Egypt’s non-oil private sector economy experienced a modest decline in September, with the S&P Global Egypt PMI falling to 48.8 from 49.2 in August, marking the lowest reading in three months.
The downturn was primarily driven by a steeper contraction in new sales, which fell at the fastest pace since April. Survey participants attributed the drop in orders to subdued economic conditions, rising prices, and greater wage pressures.
Business activity decreased for the seventh consecutive month, with the rate of decline accelerating to the strongest level in three months, though remaining moderate and below the long-run trend. The wholesale and retail sectors recorded the sharpest declines in sales, output, and purchases.
Employment growth stalled in September, ending a two-month period of job creation. Nearly all surveyed companies reported no change in their workforces, with many citing a lack of new work as reducing the need to hire staff. Business confidence also dipped to one of its lowest levels in the survey’s history.
On a positive note, input cost inflation eased to the slowest pace in six months, mainly linked to the Egyptian pound’s strengthening against the US dollar and its impact on import prices. However, staff costs increased at the fastest rate since May 2024.
Prices charged by businesses rose for the fifth consecutive month, though at a slightly slower pace than in August. Companies primarily implemented price increases to pass higher costs on to customers.

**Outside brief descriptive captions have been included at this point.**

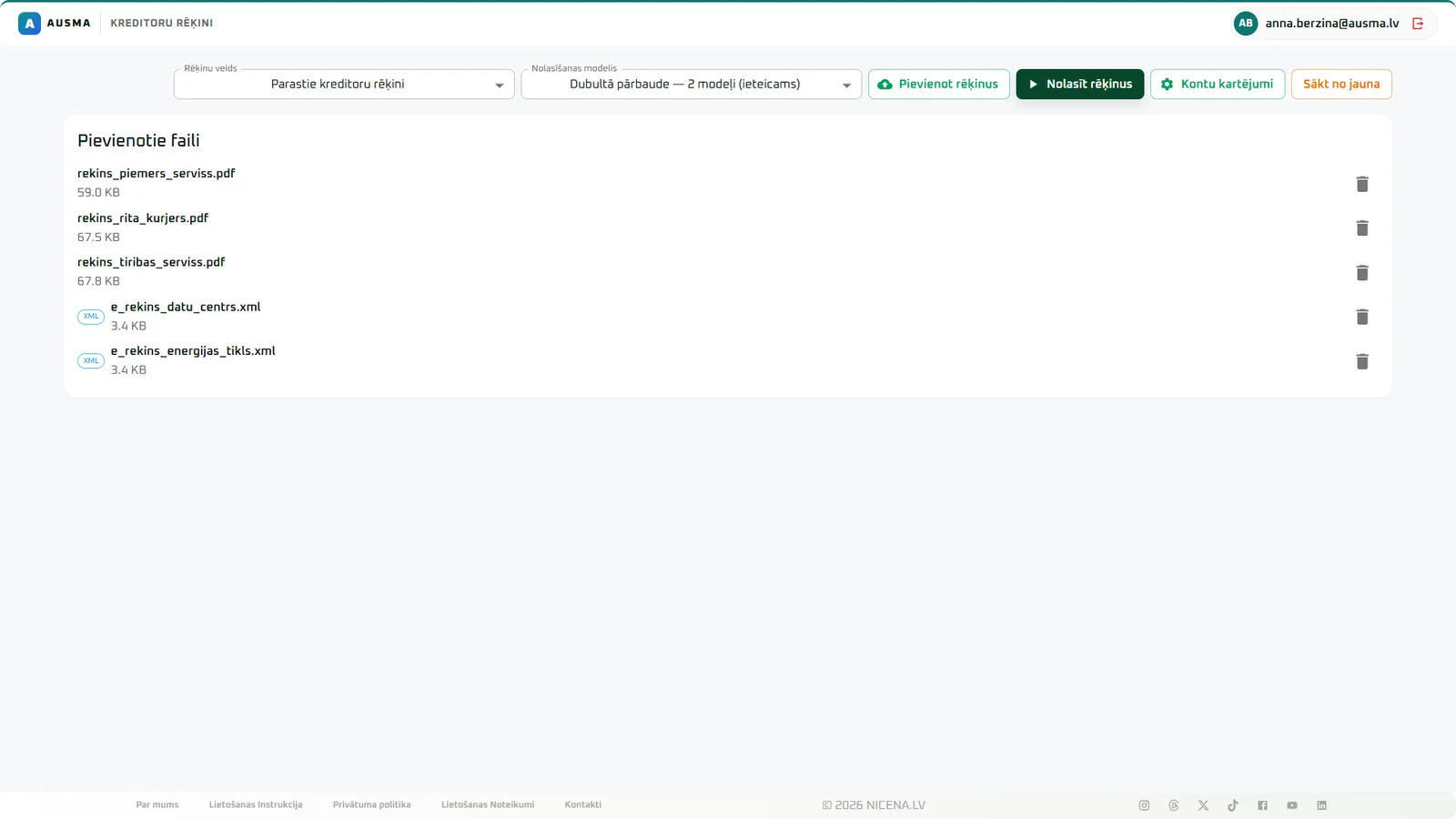 Pieci rēķini pievienoti vienā piegājienā - PDF un XML kopā.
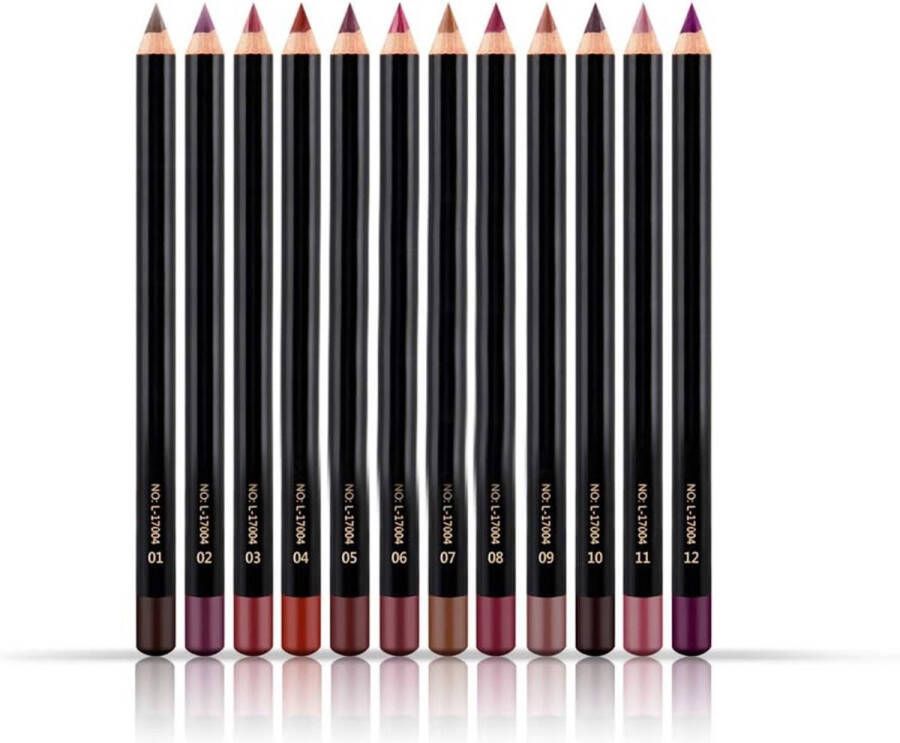 YUYTE 12 Stks set Waterdichte Langdurige Lip Liner Potlood Lipliner Pen Make-up Cosmetische voor Lip Contouring en Voering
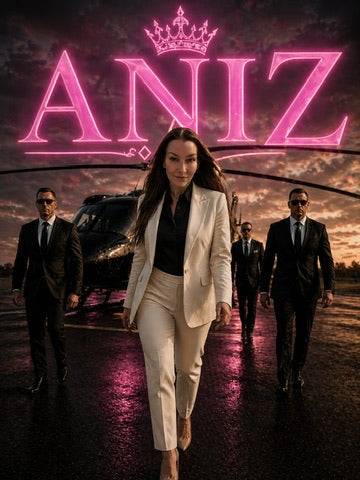 Promotional poster for 'ANIZ' featuring a woman in a beige blazer and trousers walking forward on a runway, flanked by four men in black suits, with a helicopter behind her and a large pink neon-style 'ANIZ' title with a crown above.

David Owen, Senior Economist at S&P Global Market Intelligence, noted that while companies are struggling to gain new work amid challenging market conditions, "they can take some comfort from a softening of input cost pressures, driven by the pound’s strengthening against the US dollar over recent months."
The PMI has remained below the 50.0 neutral mark for seven straight months, indicating ongoing contraction in Egypt’s non-oil private sector.